Germans and Italians had a multi decade lead on EV motors, battery, self driving and electronic tech over China (why I entered the industry) but they shelved it because they wanted to sell more diesel engines, outsourced all R&D to the lowest bidder to save costs and invest all profits into share buybacks or dividends instead of R&D (why I exited the industry).

Are the German and Italian executives in charge of those decisions being held accountable for the mess they created, or are the enjoying a golden retirements/parachutes while thousands of workers are now being laid off and governments forced to spend taxpayer money to bail out their mistakes and rescue what's left to prevent further layoffs? What were the lavishly paid EU politicians and regulators watching over in that time?

To me this is another nail in the western industry players falling victims to their own short sighted greed coffin. If only there have been any past examples in history to serve as cautionary tales, cough, Kodak, cough. /s



> Their own poor decisions resulted in China eating their lunch.

China's approach was interesting. There was no giant state automaker, but about 70 of them. At one point, each province had its own auto industry. About like the US auto industry in 1910. There's been steady consolidation, or elimination of the losers.
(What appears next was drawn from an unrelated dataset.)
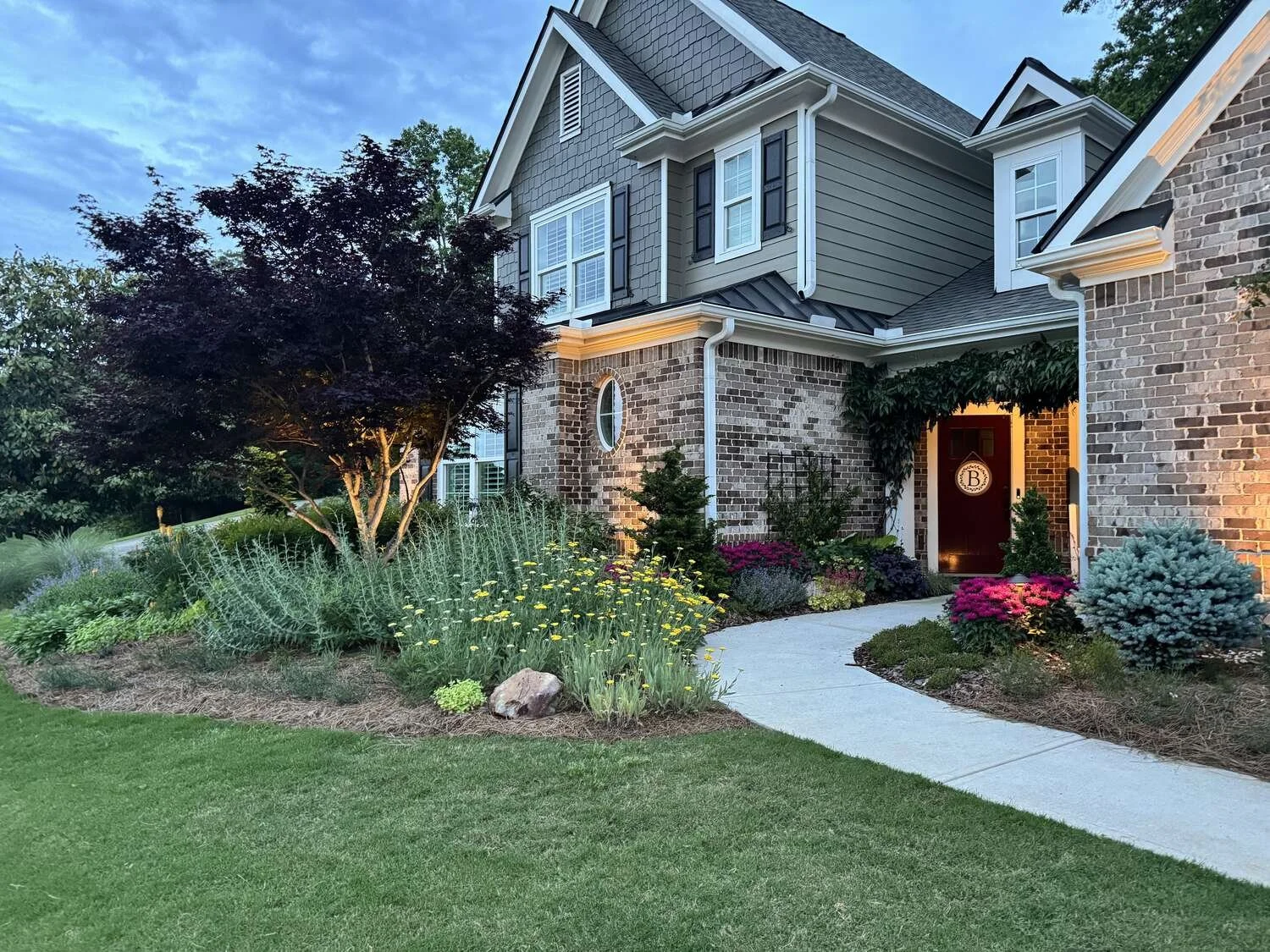 Front yard landscape design with natural stone walkway in Suwanee, GA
Mergers of China auto companies seem to be rare.

Then came BYD. BYD won by sheer competence. They got good at batteries. They figured out how to make lithium iron phosphate batteries take up less volume and charge faster with their "blade battery". Now they could make safe electric cars with reasonable but not great range.
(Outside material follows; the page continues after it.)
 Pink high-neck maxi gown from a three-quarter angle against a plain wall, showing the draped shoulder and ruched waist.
Somebody at BYD had an insight - the E-Axle. The motor is mounted to the axle and differential, like a railroad locomotive bogie. The power train for a basic car or truck consists of an E-Axle, a battery, an electronics power box that handles motor, battery, and charging inputs. The electronics box talks CANbus to the dashboard and controls. Using those standard, mass-produced components, a wide variety of cars and trucks can be built. That got costs way down. Then BYD did some good car designs and got good at production.

The main government incentive was help on the charging infrastructure side. Also, it's been hard for years to get a registration to drive an IC car in Beijing. There's a very limited quota.

US companies are still trying to build gas cars with an electric power train substituted. This works but does not bring costs down. Tesla is electric-first, but has other problems.

The "Made in China 2025" plan [1], adopted in 2015, is now mostly complete.[2] After 2019, the government of China stopped publicizing the "Made in China 2025" in foreign media, but the plan continued to be executed.

South China Morning Post (2024): "The analysis found that China has met over 86% of the 260 targets under MIC25, achieving or surpassing goals in sectors such as EVs, renewable energy, robotics, and biopharmaceuticals. However, key targets in advanced photolithography, intercontinental aircraft, and new materials were missed, with new materials having the lowest completion rate at 75%"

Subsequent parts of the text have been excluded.